Rheinmetall konzentriert sich auf die Rüstung: Knarren überholen schnelle Karren
Rheinmetall legt sich auf das Waffengeschäft fest, die Autosparte will die Firma abstoßen. Die Kritische Aktionärin Kerschgens kritisiert den Bau einer Panzerfabrik in Algerien.
HAMBURG taz | Der führende deutsche Rüstungsproduzent Rheinmetall will sich künftig ganz auf die Wehrtechnik konzentrieren. Auf der Hauptversammlung in Berlin bestätigte Vorstandschef Klaus Eberhardt, dass Rheinmetall seine zweite Säule, den Unternehmensbereich Automobil, abstoßen und an die Börse bringen will. Kritische Aktionäre und Bankanalysten kritisieren die einseitige Ausrichtung auf das Waffengeschäft.
Rüstungsgeschäfte gelten als besonderes profitabel.
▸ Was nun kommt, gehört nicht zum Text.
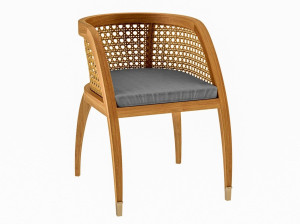 Стул для сада из тикового дерева с подлокотниками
Zwar wird für USA und EU mit leicht rückläufigen Militärausgaben gerechnet, doch durch die Osterweiterung von EU und Nato böten sich „in Zukunft zusätzliche Wachstumschancen“, hofft man bei Rheinmetall. Hoffnungen auf größere Geschäfte ruhen auch auf wirtschaftlich und militärisch erstarkenden Ländern wie Brasilien, Indien und Russland.
Vor diesem Hintergrund will sich Rheinmetall vollständig vom Automobilgeschäft verabschieden. Dabei trägt das Tochterunternehmen Kolbenschmidt Pierburg AG (KSPG) bislang gut die Hälfte zum Konzernumsatz bei. Im ersten Quartal hat Rheinmetall einen Umsatz von 1,1 Milliarden Euro erwirtschaftet, 638 Millionen davon steuerte der weitgehend zivile Bereich „Automotive“ bei – das ist ein Plus von 8,9 Prozent im Vergleich zum Vorquartal.
Das Waffengeschäft verzeichnete ein Plus von 6,8 Prozent im ersten Quartal – und soll nun also zum alleinigen Standbein werden. Prunkstück ist die Ausstattung des „Leopard 2“, einer der leistungsfähigsten Waffensysteme der Welt. Hauptwaffe des Kampfpanzers ist die von Rheinmetall entwickelte Glattrohrwaffenanlage; darüber hinaus liefert das Düsseldorfer Unternehmen für den Leopard Munition, Feuerleitanlage und Führungssystem.
Unmut äußerten die Kritischen AktionärInnen. „Rheinmetall liefert seit Jahren Rüstungsgüter auch und gerade in Spannungsgebiete, unter anderem den Nahen Osten“, kritisierte Dorothea Kerschgens. So baue Rheinmetall in Algerien eine Transportpanzerfabrik.
Die zusammen mit Krauss-Maffei Wegmann geplante Lieferung von bis zu 270 hochmodernen „Leopard 2 A7+“-Kampfpanzern an Saudi-Arabien sorgt genauso für Unmut. „Dies geschieht gegen alle Bedenken, obwohl Saudi-Arabien kein demokratisches Land ist“, sagte Kerschgens.
Rheinmetall bestätigte den vor Monaten bekannt gewordenen Deal jedoch nicht, noch sei kein Auftragseingang erfolgt, hieß es in Berlin. Den neuen, reinen Rüstungskurs wird ein neuer Konzernvorstand fahren. Der alte Boss, Klaus Eberhardt, soll nach seinem Ausscheiden Aufsichtsratschef der ausgegliederten Autosparte KSPG werden.